Her response “The gloves are really there to protect me from the patients and their bodily fluids.”

“Okay. So then it’s not a problem for you to touch my skin with your bare hand? And if that’s no biggie, why bother with the gloves anyway?”

“Well, it helps me to better feel the vein, and if I do touch, I”ll wipe the skin again. (She actually didn’t do this last time, so my confidence in her words was low.) But I can put on new gloves if you’d like.”

“Yes, please.”

And then I got blown vein number two. There must be this rule that after two attempts, you get someone else to try, because after apologizing profusely, she went off to find someone else to try to start an IV.

As I was waiting, I decided that a) I was going to refuse the medication they were wanting to give through the IV (Pepcid, my stomach was fine, I didn’t need it anymore.) and b) I wanted to know if I really needed the fluids from the IV anyway. I was drinking lots of water and was plenty hydrated. The upshot of the matter is that I got them to call the resident on call who agreed to leave the IV out so long as I stayed hydrated.
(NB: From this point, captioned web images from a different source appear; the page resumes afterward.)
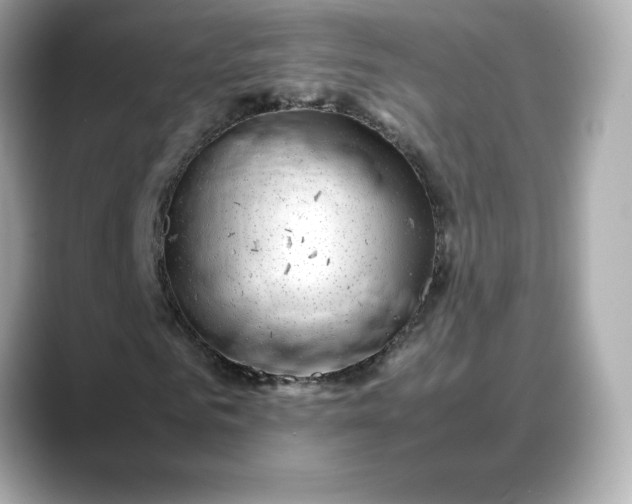 X0000088370961200706051038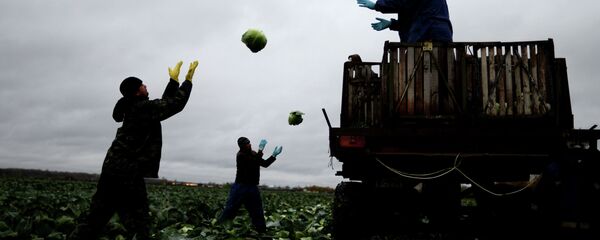 уборка урожая - Sputnik Moldova
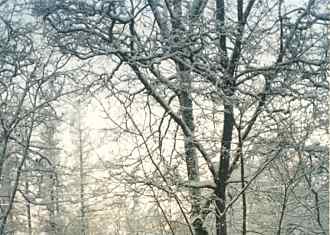 Vinter i Lapptrsk (Foto NM 1995)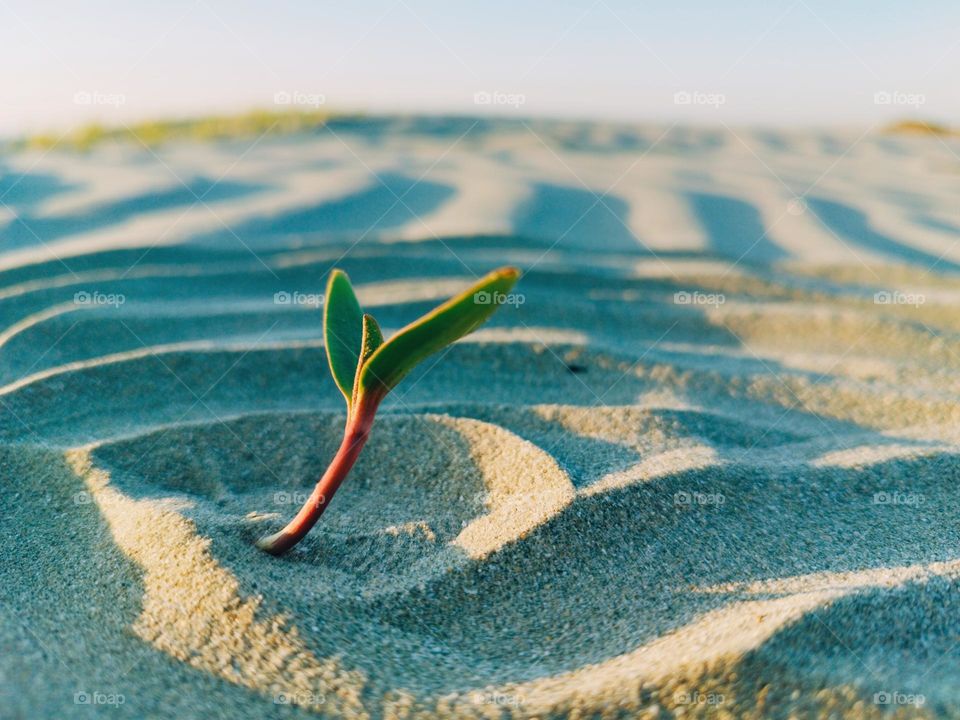 plant on the beach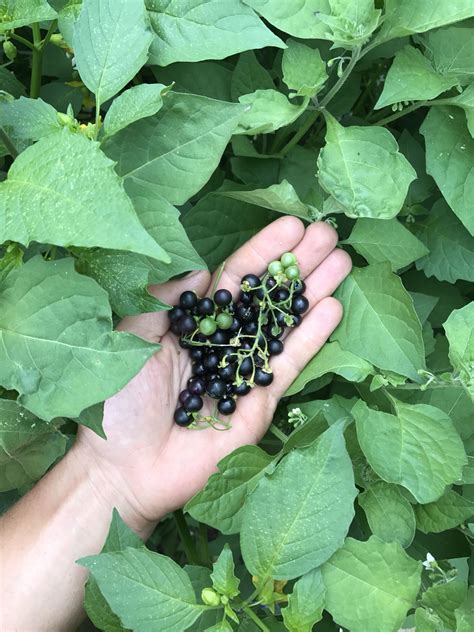 Wonder Berries! They resemble deadly Black Nightshade but these are ...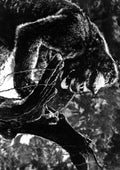 Wray Fay King Kong 17 A4 Photo Print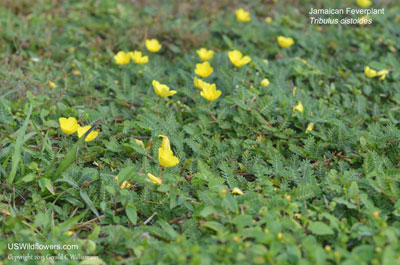 Tribulus cistoides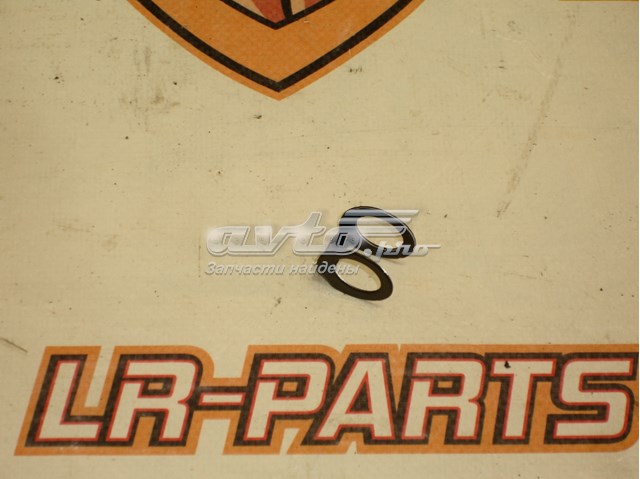 LR025565 Land Rover Vedante (anel) de mangueira de esfriamento de turbina, de fornecimento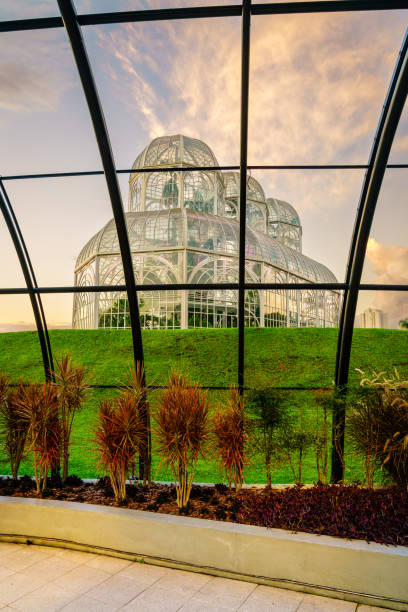 istock Botanical garden of Curitiba 1415043469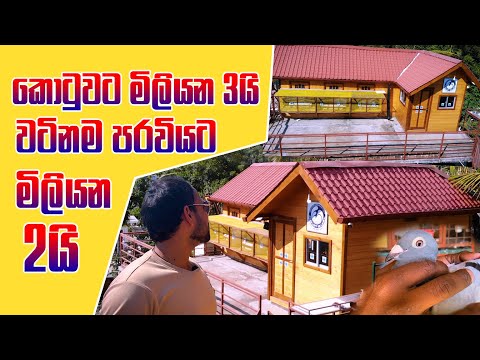 මෙන්න අලුත්ම තාක්ෂණයට හදපු ලංකාවටම තියෙන සුපිරි පරවි කොටුව | Pet Talk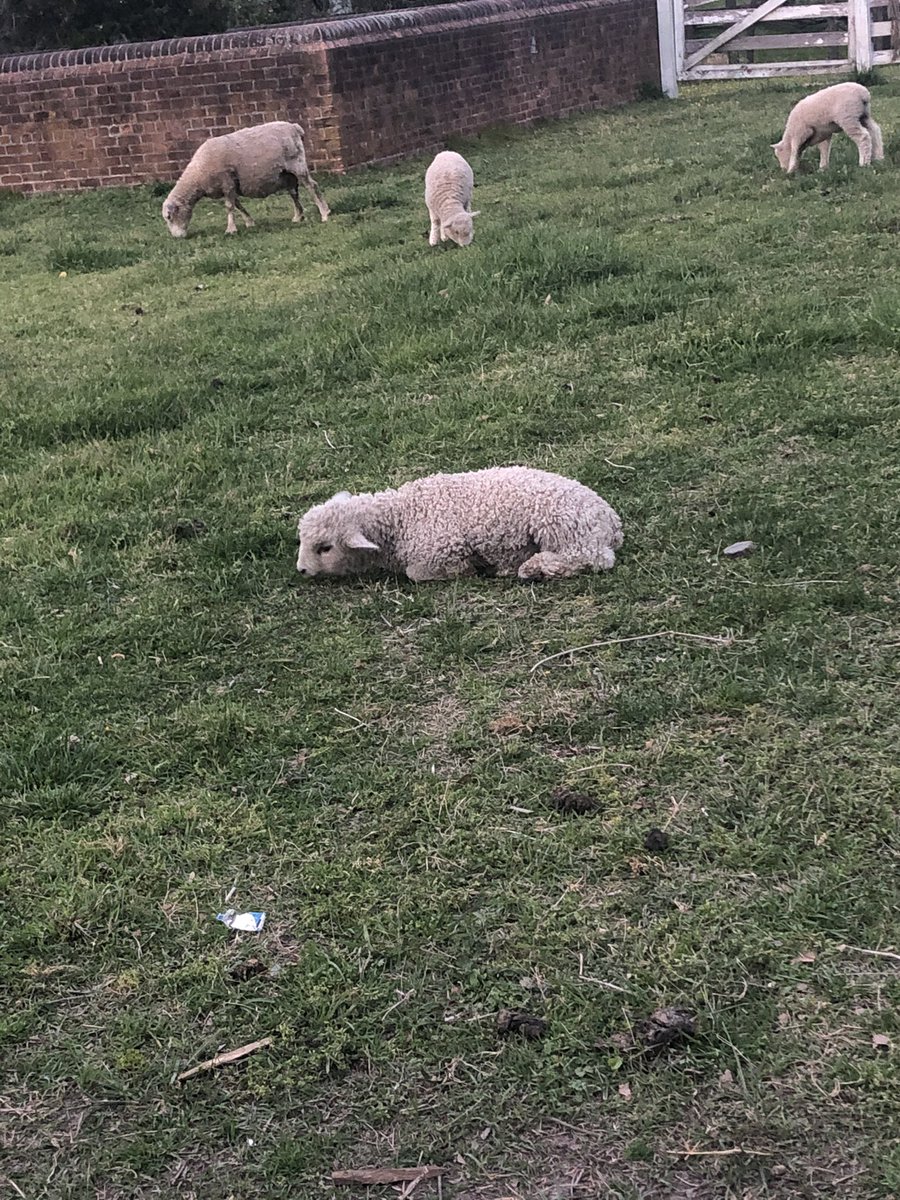 Happy Earth Day! Take a walk to see our baby lambs in CW today💚💙🌎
And now, for the moral of this very long tale: You MUST advocate for yourself. Seriously, friends. Most people out there aren’t going to do it for you. You MUST speak up when you have a question or something makes you uncomfortable. Just because someone has a MD or RN on their name badge doesn’t mean that they are infallible or that they are making the right decisions. And most importantly, don’t feel bad or apologize for your advocacy. You owe it to yourself!

SURPRISES
And finally, a little surprise popped up last week and I didn’t have all of the info until recently to be able to share. I’ll attempt to be brief, no promises, though =)
I had an echocardiogram done last Friday to make sure my heart was working fine and to have a baseline since one of the chemo drugs I’d be getting is cardio toxic. During my pre-op physical on Monday, the doctor shared informed me that test results showed that the ejection fraction of the left ventricle was borderline low. This means that it’s not squeezing hard enough. My rate is 48% and normal is 55-65%. I did a follow up EKG (measuring the electrical activity of the heart) which was totally normal, and then I had a stress test (echocardiogram followed by 6 minutes of treadmill walking to get the heart rate up to 155bpm followed by another echo), which also came back normal. So, if I wasn’t going to be getting chemo, this little zinger probably wouldn’t matter. But, I’m guessing I probably don’t want to blast my heart when it’s already working suboptimally. *sigh*
I’m choosing to not worry about that for now since chemo is 4 weeks away. Today, my focus will be on getting rest and being discharged from the hospital.

Comments»

1. Shannon Morber - March 22, 2014

Dear Perla–my heart is heavy for all the “downs” of this experience for you but *thrilled* to hear both you and your husband are advocating so fiercely for yourselves! Sometimes, we’re intimidated by the hospital or mistakenly ignore our own gut voices, but we possess instincts and intellect for a reason. May the remainder of your time there be more pleasant and complication-free!

2. r - March 23, 2014

Wow, rollercoaster is right! Cheers to you for advocating effectively for yourself and getting through both surgeries with aplomb. Sending loads of good thoughts for a quick recovery your way!